-- DATA EXTRACT follows --

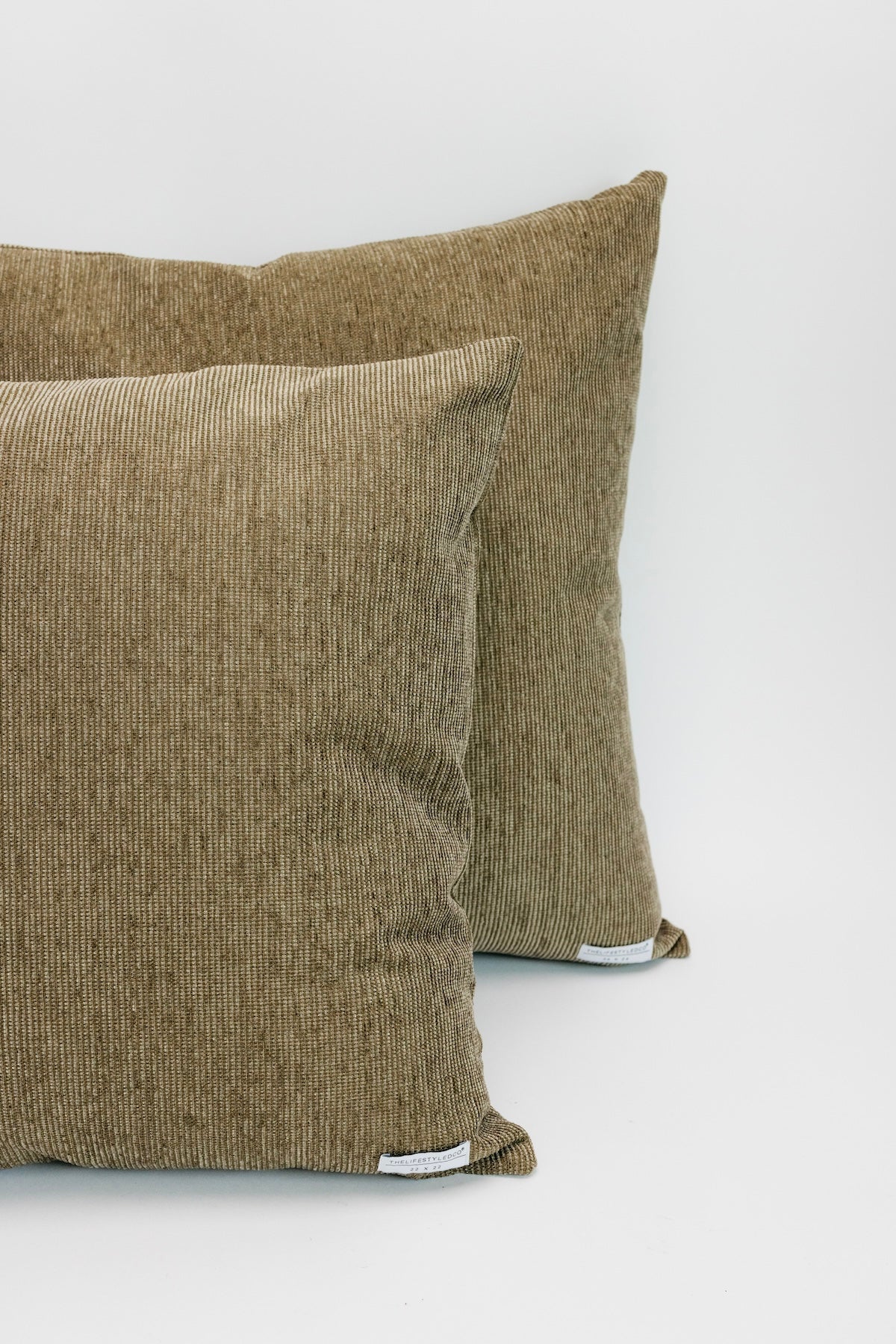 Warner Chenille Pillow - Olive - 2 Sizes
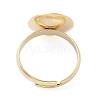 Adjustable Brass Pad Ring Setting KK-K414-01A-G-3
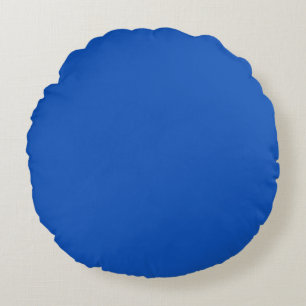 🌈Sapphire Blue (#0F52BA) Solid Blue Color Shades  Round Cushion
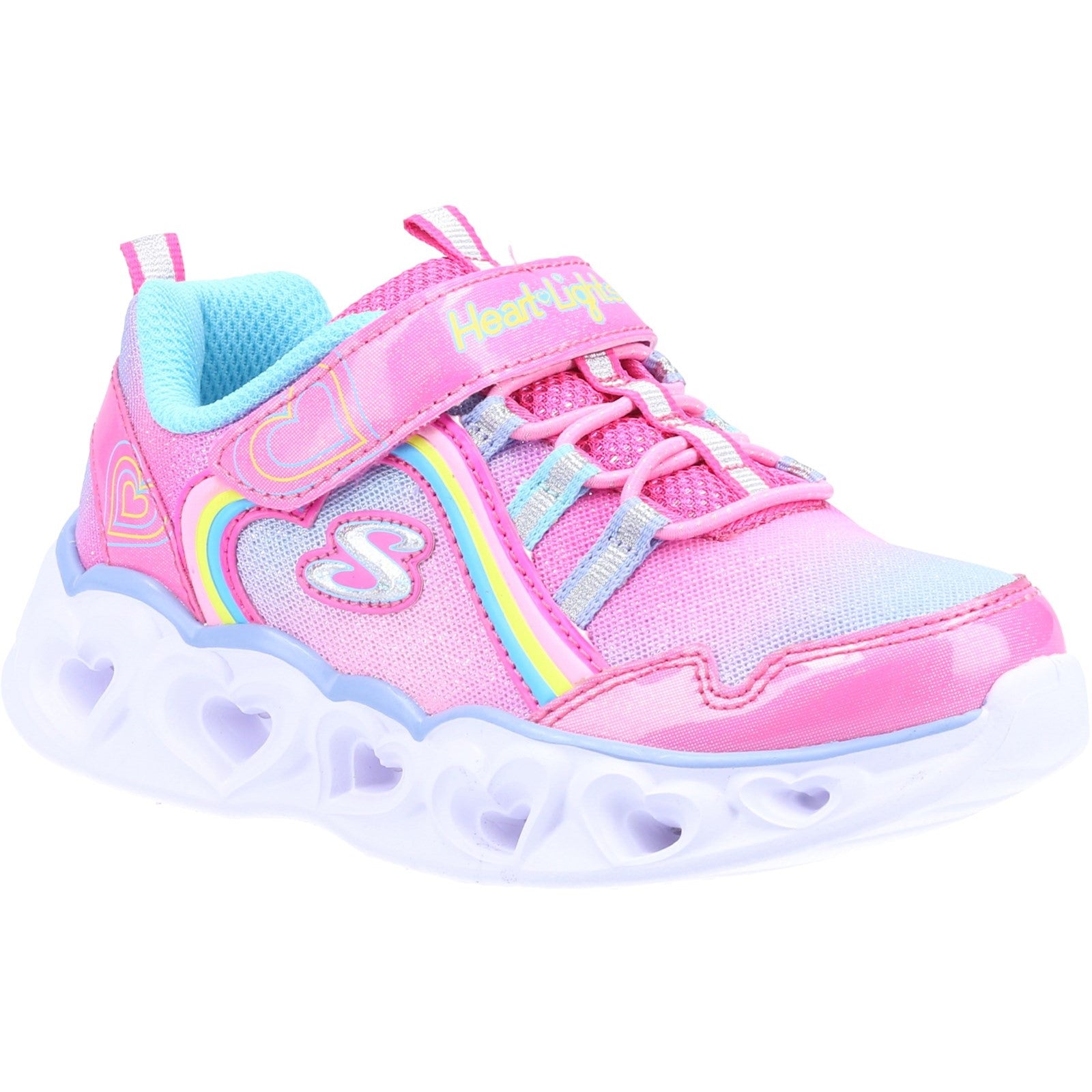 Skechers Heart Lights Rainbow Lux Sports Shoes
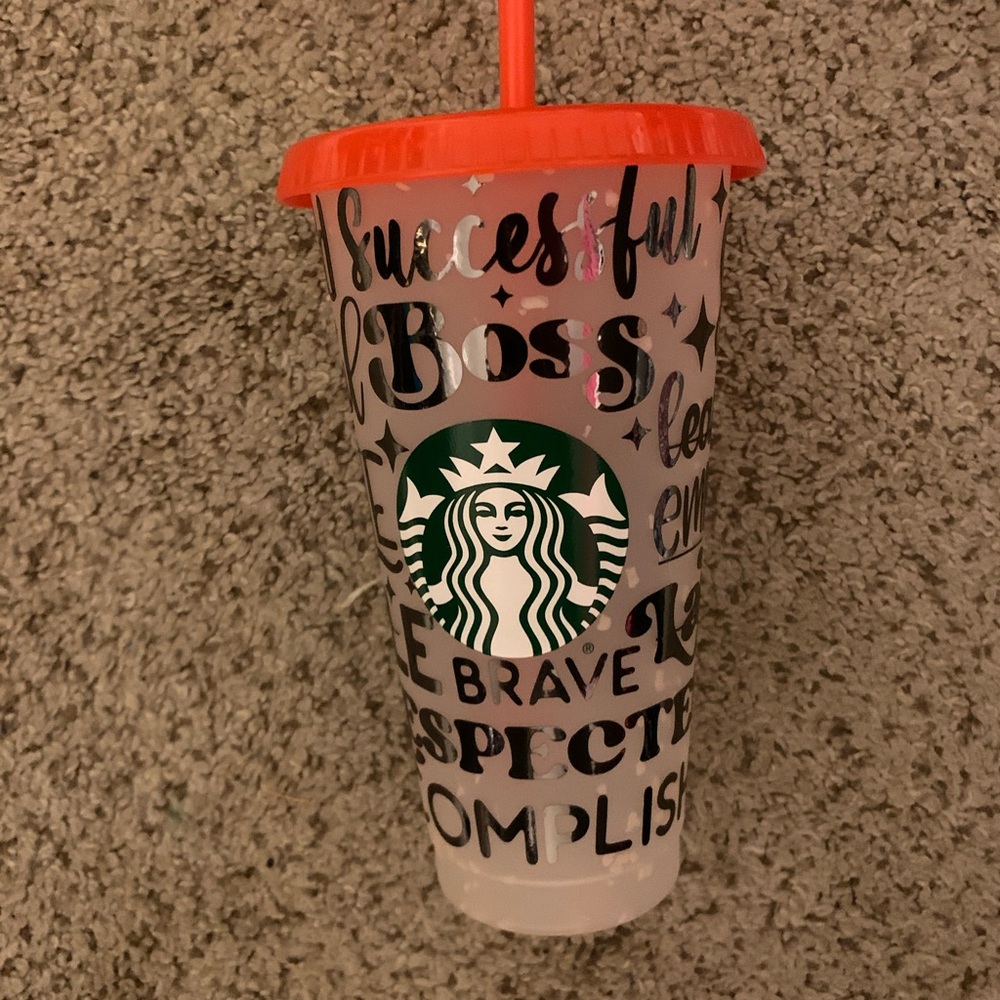 Starbucks confetti color changing cups custom made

-- DATA EXTRACT concluded --

The pictures are not part of the copy. Retype everything else in the entries exactly.

 Warner Chenille Pillow - Olive - 2 Sizes
 Adjustable Brass Pad Ring Setting KK-K414-01A-G-3
 🌈Sapphire Blue (#0F52BA) Solid Blue Color Shades  Round Cushion
 Skechers Heart Lights Rainbow Lux Sports Shoes
 Starbucks confetti color changing cups custom made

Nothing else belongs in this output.